McMaster University, Internal Medicine Residency Program, 1200 Main Street West, Hamilton, Ontario, Canada.
Expert Opin Pharmacother. 2011 Sep;12(13):2119-28. doi: 10.1517/14656566.2011.600689. Epub 2011 Jul 22.
Asthma is a complex process that results from airway inflammation and manifests as bronchoconstriction. Infiltration of the airway mucosa and lumen by activated inflammatory cells, along with release of mediators, can occur extensively. Chemical mediators known as leukotrienes are believed to play a major role in this process. At present, inhaled corticosteroids (ICS) are the pharmacologic cornerstone of asthma management. However, asthma control may remain suboptimal when relying on ICS because of problems with compliance, poor inhaler technique and concerns about the side effects of steroids; additional agents are often required to control symptoms. Leukotriene receptor antagonists (LTRA), namely montelukast, provide a safe and effective additional anti-inflammatory treatment option. There is particular benefit for patients with asthma and concomitant allergic rhinitis.
Montelukast has been well studied through rigorous clinical trials. A thorough review of the literature has been undertaken to assess the evidence supporting the use of LTRAs. This review focuses on the role of montelukast not only as monotherapy but also as add-on therapy to ICS in the adult asthma population, as well as adult asthmatics with concomitant allergic rhinitis. In addition, there is often some discrepancy between the evidence generated in the idealized asthma patients recruited into randomized clinical trials and results obtained in the real-life setting. This review assesses recent clinical trials evaluating the real-life evaluation of montelukast, achieved mainly through open-label observational studies.

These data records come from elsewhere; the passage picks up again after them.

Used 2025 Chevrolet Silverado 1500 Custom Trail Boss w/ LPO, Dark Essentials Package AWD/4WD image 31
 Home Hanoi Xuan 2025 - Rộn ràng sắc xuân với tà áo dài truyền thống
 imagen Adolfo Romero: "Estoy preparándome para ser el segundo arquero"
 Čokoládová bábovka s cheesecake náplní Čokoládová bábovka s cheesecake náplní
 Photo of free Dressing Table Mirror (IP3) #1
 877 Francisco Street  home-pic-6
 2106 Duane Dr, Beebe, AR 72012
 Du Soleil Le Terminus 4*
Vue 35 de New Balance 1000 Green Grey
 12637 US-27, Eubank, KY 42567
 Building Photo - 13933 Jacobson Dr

Oral LTRA bring remarkable ease of anti-inflammatory treatment administration and symptom improvement with minimal side effects to the management of adult asthma. Basic asthma mechanisms and much-valued scientific groundwork has been identified by exploring target asthma treatment with anti-leukotriene therapy. This will have a significant impact in the future development of targeted asthma therapies as well as the current management of asthma and other inflammatory medical conditions.
哮喘是一种复杂的过程,由气道炎症引起,并表现为支气管收缩。气道黏膜和管腔被激活的炎症细胞浸润,同时释放介质,可能广泛发生。化学介质,如白三烯,被认为在这个过程中起主要作用。目前,吸入性皮质类固醇(ICS)是哮喘管理的药理学基石。然而,由于依从性问题、吸入器技术不佳以及对类固醇副作用的担忧,仅依靠 ICS 可能无法实现哮喘的良好控制;通常需要额外的药物来控制症状。白三烯受体拮抗剂(LTRA),即孟鲁司特,为安全有效的额外抗炎治疗提供了选择。对于同时患有哮喘和过敏性鼻炎的患者,尤其有益。
孟鲁司特已通过严格的临床试验得到充分研究。对文献进行了全面审查,以评估支持使用 LTRAs 的证据。这篇综述重点关注孟鲁司特不仅作为单一疗法,而且作为 ICS 的附加疗法在成年哮喘患者中的作用,以及同时患有过敏性鼻炎的成年哮喘患者中的作用。此外,在理想的哮喘患者中进行的随机临床试验中产生的证据与在现实环境中获得的结果之间通常存在一些差异。这篇综述评估了最近评估孟鲁司特现实生活评估的临床试验,主要通过开放标签观察性研究进行评估。
口服 LTRA 为成人哮喘的管理带来了显著的抗炎治疗方便性和症状改善,同时副作用最小。通过探索抗白三烯治疗作为靶向哮喘治疗的基本哮喘机制和宝贵的科学基础,为未来靶向哮喘治疗的发展以及哮喘和其他炎症性疾病的当前管理产生了重大影响。